The prompts you enter or information you upload to the tool may be saved and used in a way beyond your control. Tools may be continually improving their models based on the data received from users. You should never enter sensitive data, personal data, or data that may not be freely distributed.

What transparency and replicability criteria should the search fulfil?

Transparency, openly accounting for how a result was achieved, is one of the fundamental principles of research and science and should always be applied in your studies. Replicability is another fundamental principle entailing that someone else should be able to repeat your process and achieve the same results.

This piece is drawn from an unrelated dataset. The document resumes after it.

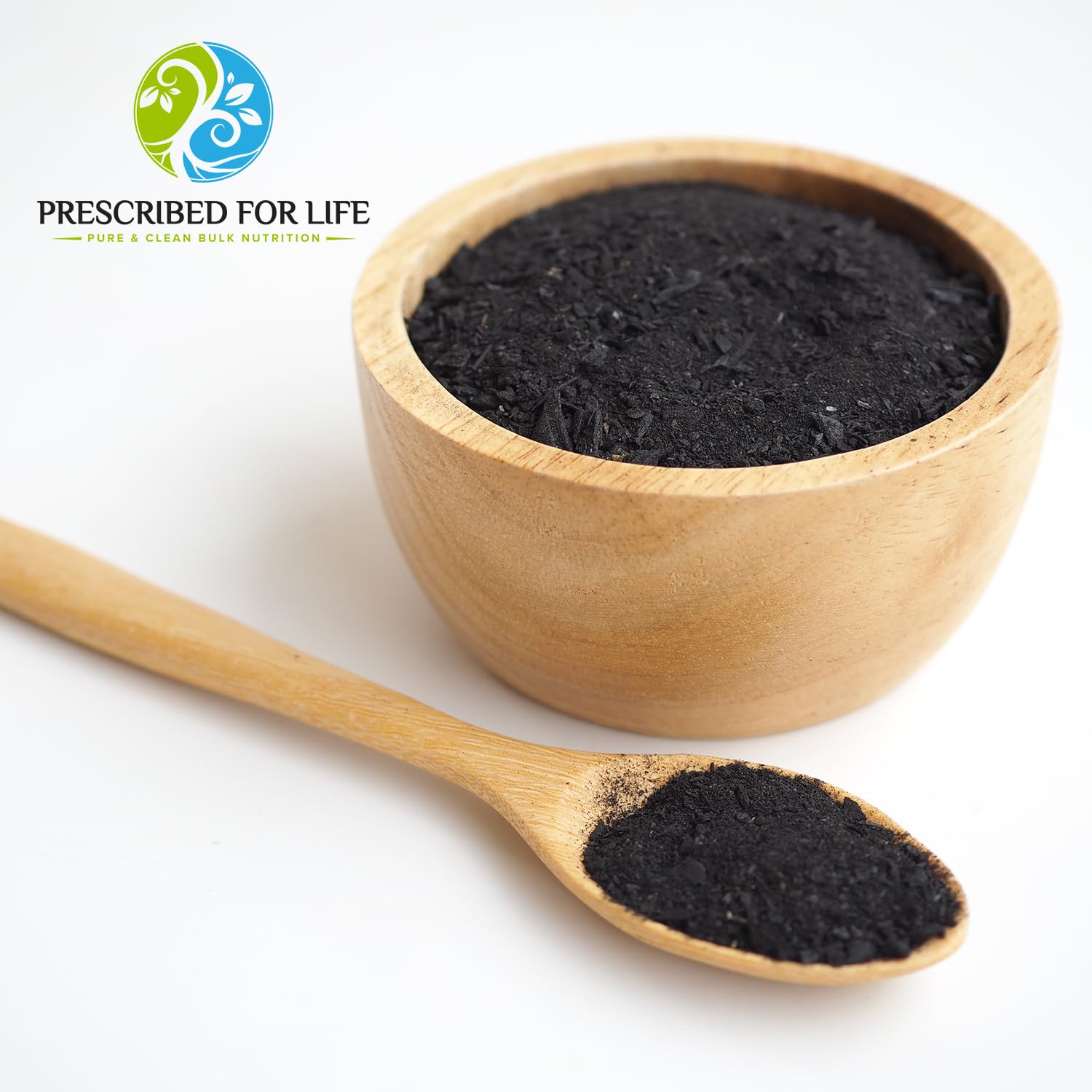 Prescribed For Life charcoal powder being poured into a small dish, ideal for odor control.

Many AI tools have been described as ‘black box’ models. You provide input in the form of, for example, a research question or a number of articles, and the tool delivers a result. However, it may be difficult to pinpoint what exactly led to the specific result. Using AI to discover articles is therefore very different from using subject headings and search terms that you can see in the descriptions of articles.

When AI models are trained probability calculations are used, which means that the same input may generate different results. This affects both the transparency of these tools and how replicable the results themselves are. Irrespective of the chosen tool, you need to be open about which tools you used and the results you obtained.

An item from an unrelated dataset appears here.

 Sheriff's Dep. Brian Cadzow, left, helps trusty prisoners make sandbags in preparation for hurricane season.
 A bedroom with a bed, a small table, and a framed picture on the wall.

Some examples of AI-based tools for searching and finding scholarly articles are listed below. Please note that the university library does neiter subscribe to nor provide support in any of the listed tools.

Semantic Scholar

Semantic Scholar is an AI-driven search tool from the Allen Institute for AI that identifies related articles both using citations and subject similarity. Originally it focused on computer science, neurology and geoscience, but today it covers a wide range of subjects.

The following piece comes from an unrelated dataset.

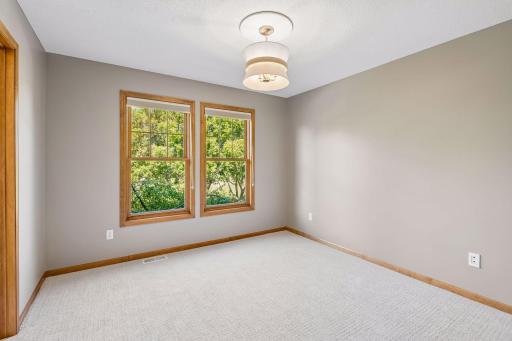 Bedroom #4 of 4 on upper level. New carpet and lighting. Walk-in closet and private bath.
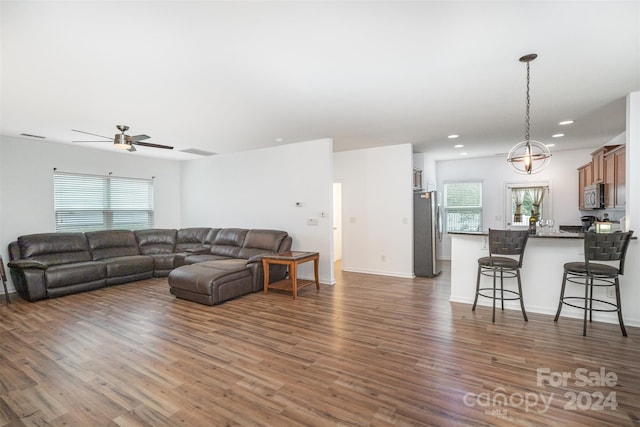 living room featuring dark hardwood / wood-style floors, a wealth of natural light, and ceiling fan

According to the service provider, the tool includes data on more than 200 million scientific publications. Data is collected in partnership with publishers, but also by using crawlers. Many articles are summarised in a sentence. Some articles may be read in Semantic Reader, which includes functions to mark the most important parts of the article related to aim, method, results, and innovations. AI-generated definitions are also available for some terms.

Inciteful

Inciteful starts the search process with one or two articles. If one article is used, a graph with similar articles is generated. Important articles, authors and review articles in the network are also identified. If two articles are used, a graph is generated that indicates the relations between these articles via citations.

Inciteful uses data from OpenAlex, Semantic Scholar, Crossref, and OpenCitations.

ResearchRabbit

ResearchRabbit starts from one or more articles to suggest further articles. The relations between the articles are graphically visualised and you can click your way to new material.

The tool is free but registration is needed.

According to the service provider the tool includes hundreds of millions of articles.

Connected Papers

Connected Papers is a tool that creates a graph with related articles based on one article. The articles are grouped in clusters where those showing the greatest degree of similarity are displayed more closely together and those with fewer similarities are shown further from each other.

Connected Papers uses data from Semantic Scholar.

An account is needed to create a limited number of free graphs per month. Subscription is required to generate more graphs.

Elicit

Elicit either starts from a research question or a number of articles. Further articles can be retrieved using a function to identify similar research. The tool bases its answer on the question on the research retrieved. Each article is also briefly summarised in a sentence and different parts of the articles may be identified.

Elicit uses data from Semantic Scholar.

According to the service provider, Elicit works best for domains including empiric, experimental research. Two subject areas mentioned are biomedicine and machine learning.

Registration is needed to use the tool. With a free account, you can access basic features. For additional functionality, a subscription can be purchased.